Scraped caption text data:
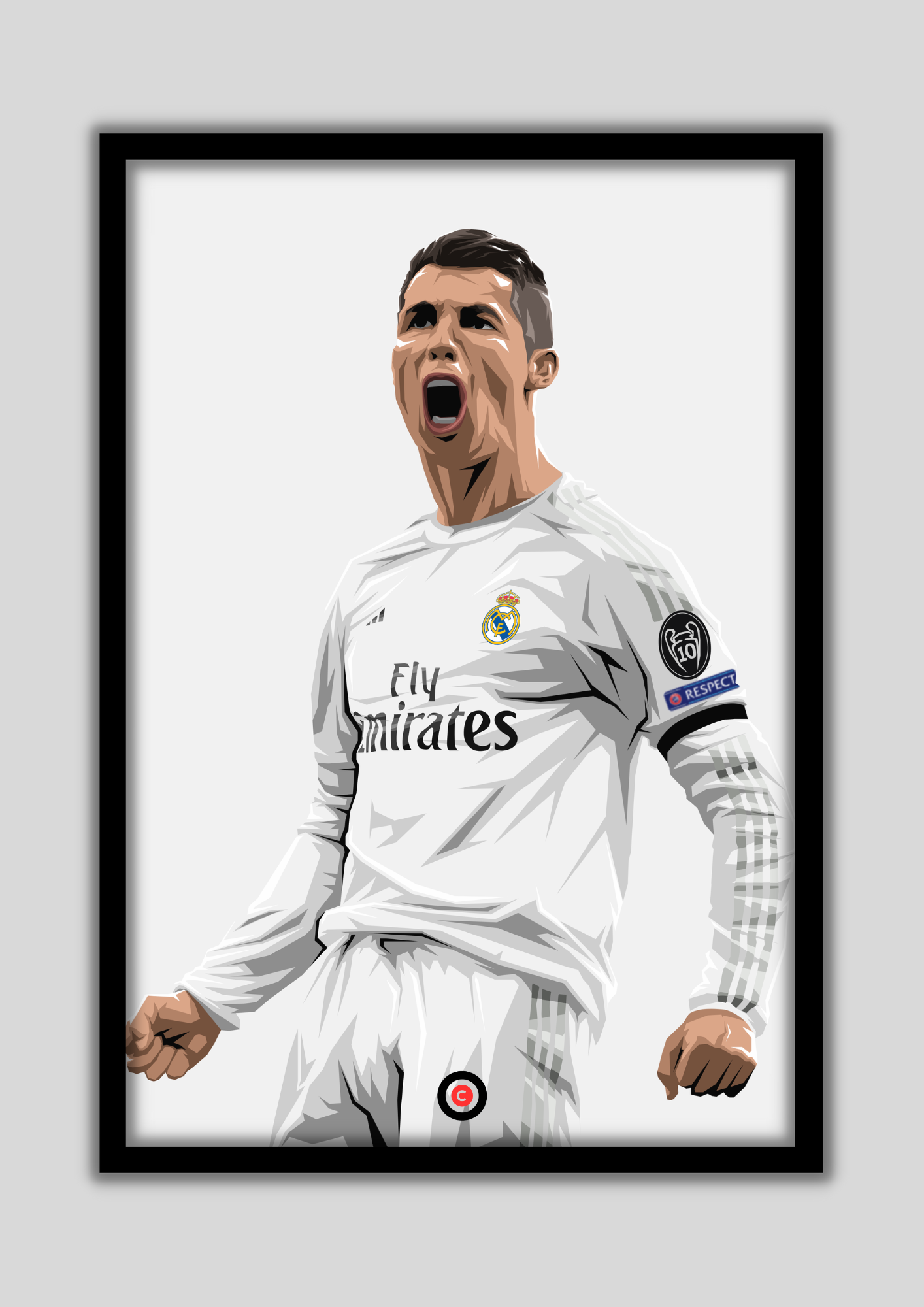 Cristiano Ronaldo celebration- Real Madrid - Premium from CatenaccioDesigns - Just €14.50! Shop now at CatenaccioDesigns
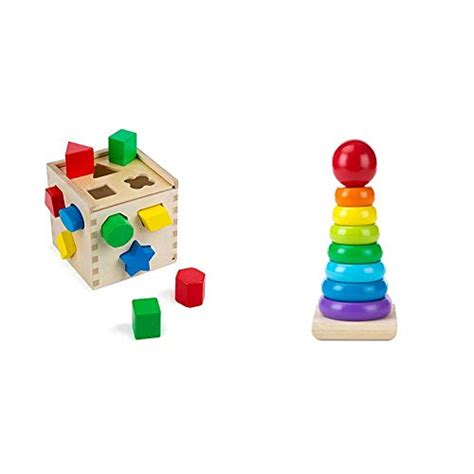 Melissa And Doug Shape Sorting Cube Classic Wooden Kids Toy Best For 2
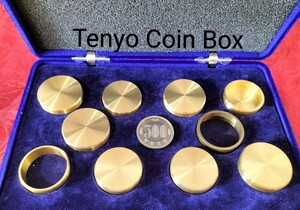 【★稀少！秘宝！ テンヨー Tenyo オキト コイン ボックス 新500円 コインボックスコレクション マジック 手品 コイン 廃盤！★】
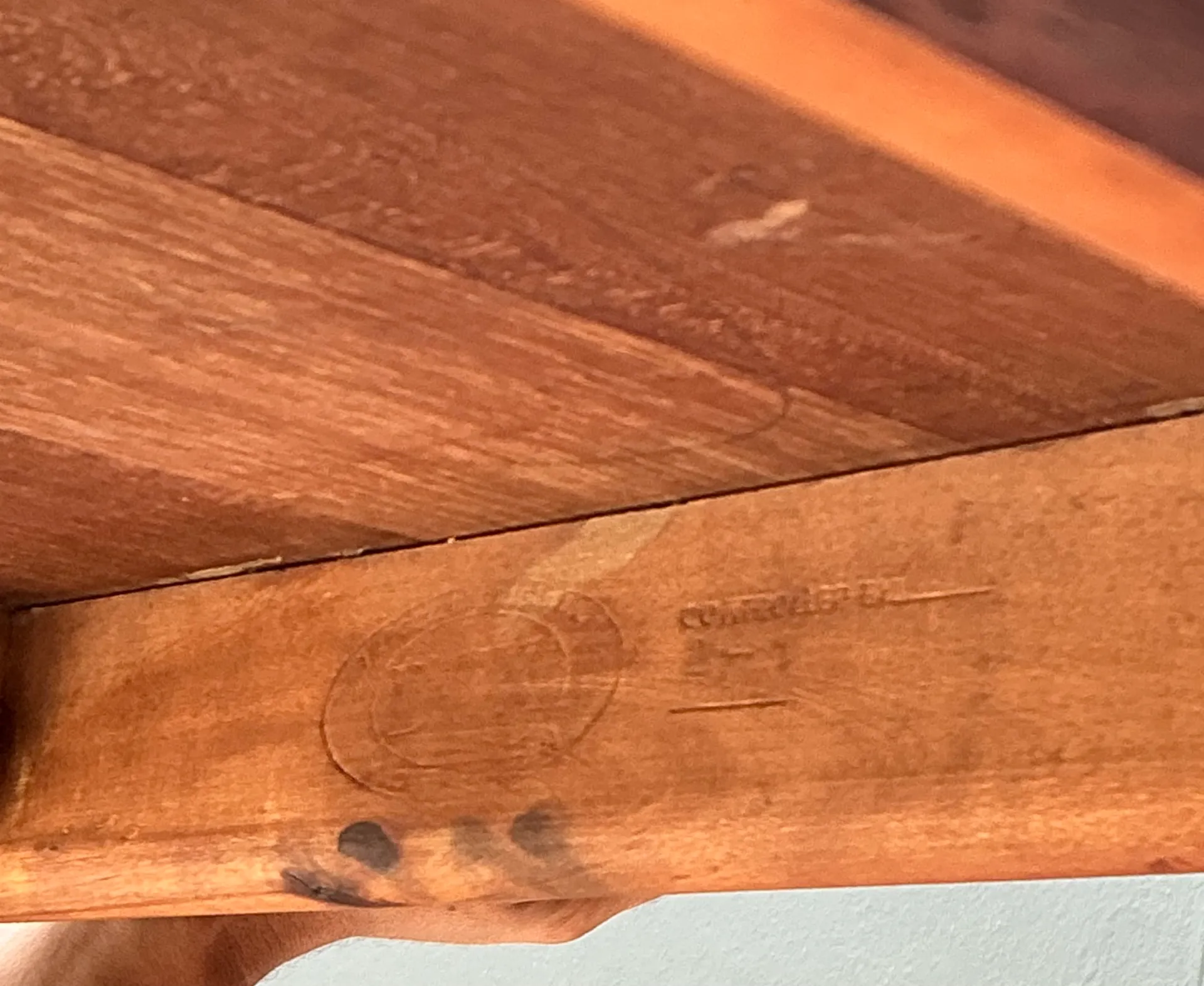 Vintage Swedish Dux Woven Leather And Teak Coffee Table — additional photo 5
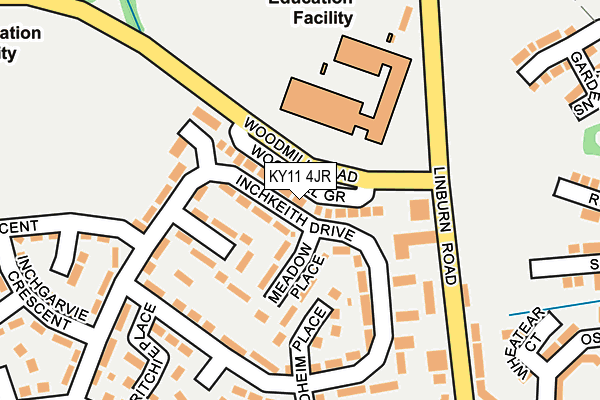 KY11 4JR map - OS OpenMap – Local (Ordnance Survey) KY11 4JR map - OS OpenMap – Local (Ordnance Survey)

— What you should do —
Repeat exactly the lines above, from the line containing "Melissa And Doug" through the last line of the records, inclusive; omit any pictures.

— Answer section —
 Melissa And Doug Shape Sorting Cube Classic Wooden Kids Toy Best For 2
 【★稀少！秘宝！ テンヨー Tenyo オキト コイン ボックス 新500円 コインボックスコレクション マジック 手品 コイン 廃盤！★】
 Vintage Swedish Dux Woven Leather And Teak Coffee Table — additional photo 5
 KY11 4JR map - OS OpenMap – Local (Ordnance Survey) KY11 4JR map - OS OpenMap – Local (Ordnance Survey)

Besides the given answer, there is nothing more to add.